> [Working data]:
:::

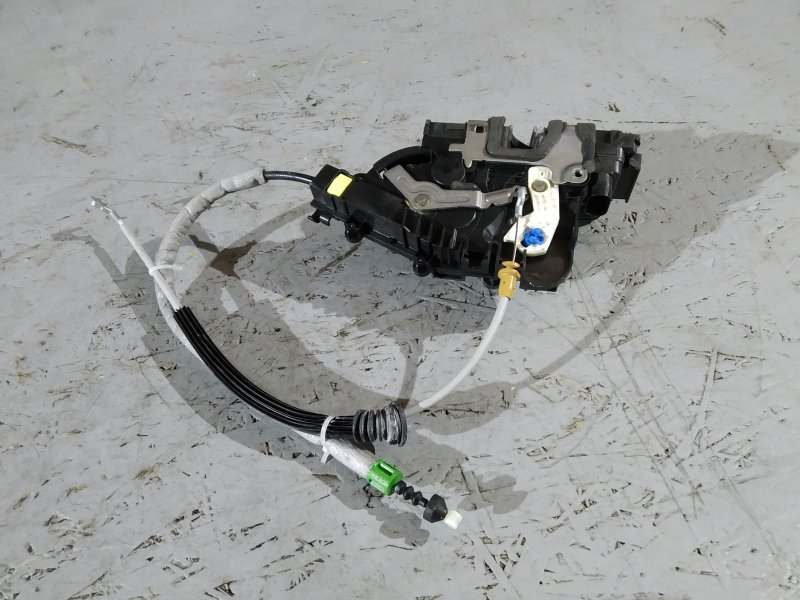 замок двери, 3030 рублей, Санкт-Петербург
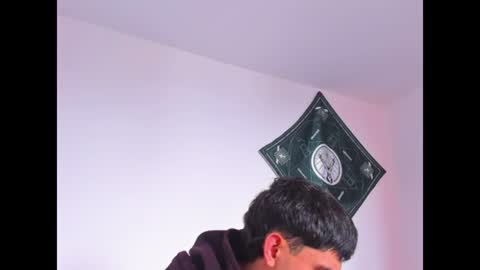 samevansx online show from 29, 7, 2026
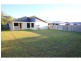 52 Kroymans Drive, Mount Louisa QLD 4814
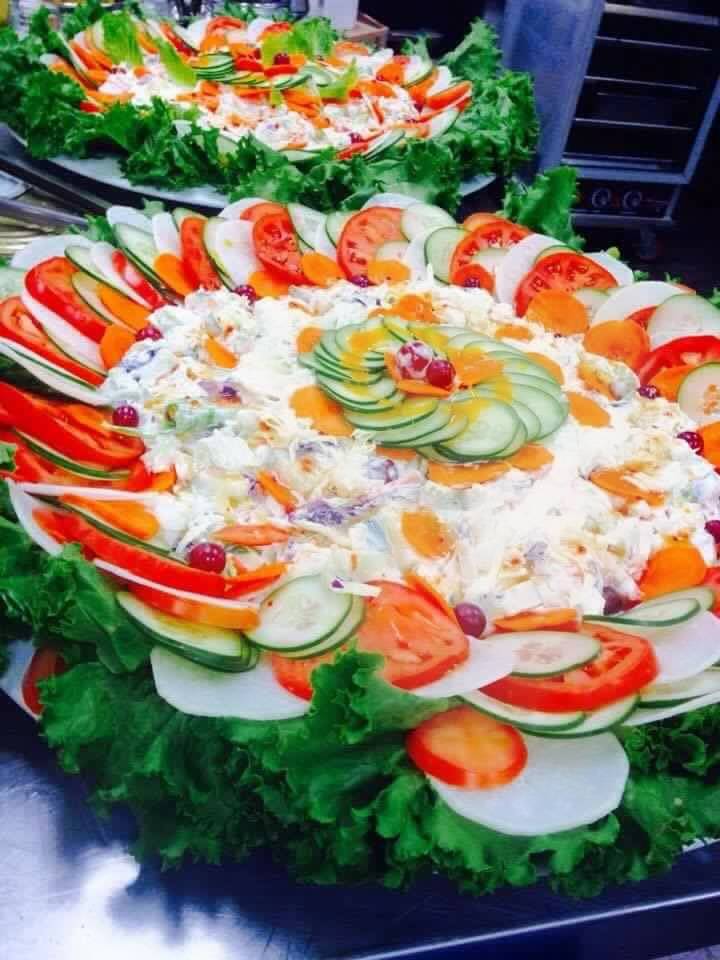 Kabab King | restaurant | 5775 Jimmy Carter Blvd #190, Norcross, GA 30071, USA | 7706139655 OR +1 770-613-9655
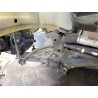 Recambio de puente delantero para suzuki swift v (az) 1.4 sport (a2l414) referencia OEM IAM 4581052R00000  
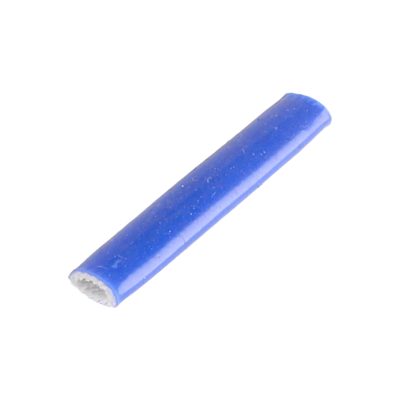 Protection Tube No. 34 for PS 1437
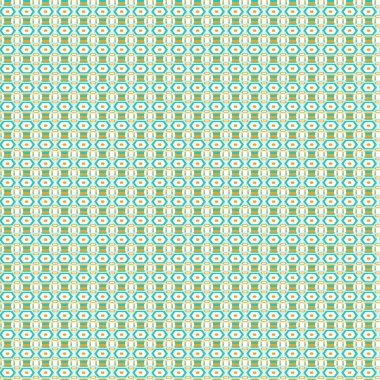 Kusursuz desen. Geometrik pastel yumuşak renkli pürüzsüz bulanık desenli arka plan odak tonlu. dokuyu kullan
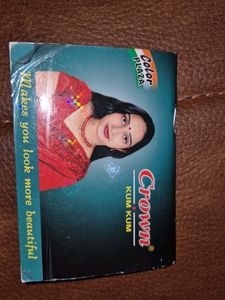 Bindi Stickers - Multicolor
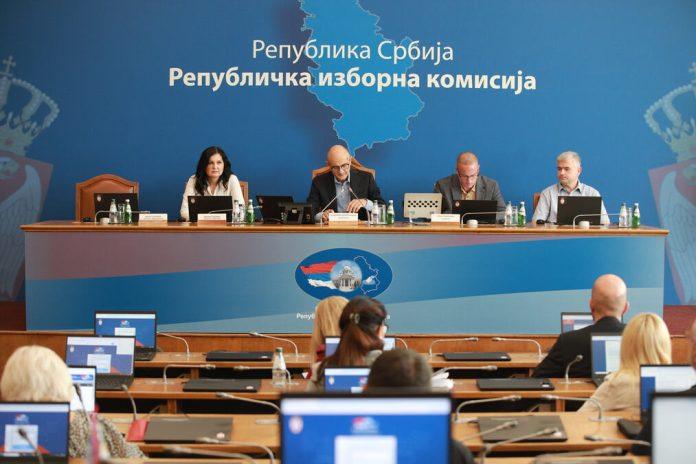 rik-doneo-odluku-kojom-se-odreduje-obuhvat-vec-odredenih-birackih-mesta-u-inostranstvu
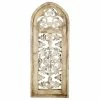 Hot Sale 🧨 Mexican Imports Architectural Window-White Creek-Small 😉 -Cheap wall decor Store b001044609946daa 1267 w800 h800 b1 p0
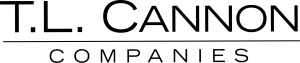 TL Cannon Logo png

:::

> [What needs to be done]: From the line holding "Kabab King |" to the line holding "Bindi Stickers - Multicolor", both included, retype the entries above exactly and drop the pictures.

> [Answer to the problem]:
 Kabab King | restaurant | 5775 Jimmy Carter Blvd #190, Norcross, GA 30071, USA | 7706139655 OR +1 770-613-9655
 Recambio de puente delantero para suzuki swift v (az) 1.4 sport (a2l414) referencia OEM IAM 4581052R00000  
 Protection Tube No. 34 for PS 1437
 Kusursuz desen. Geometrik pastel yumuşak renkli pürüzsüz bulanık desenli arka plan odak tonlu. dokuyu kullan
 Bindi Stickers - Multicolor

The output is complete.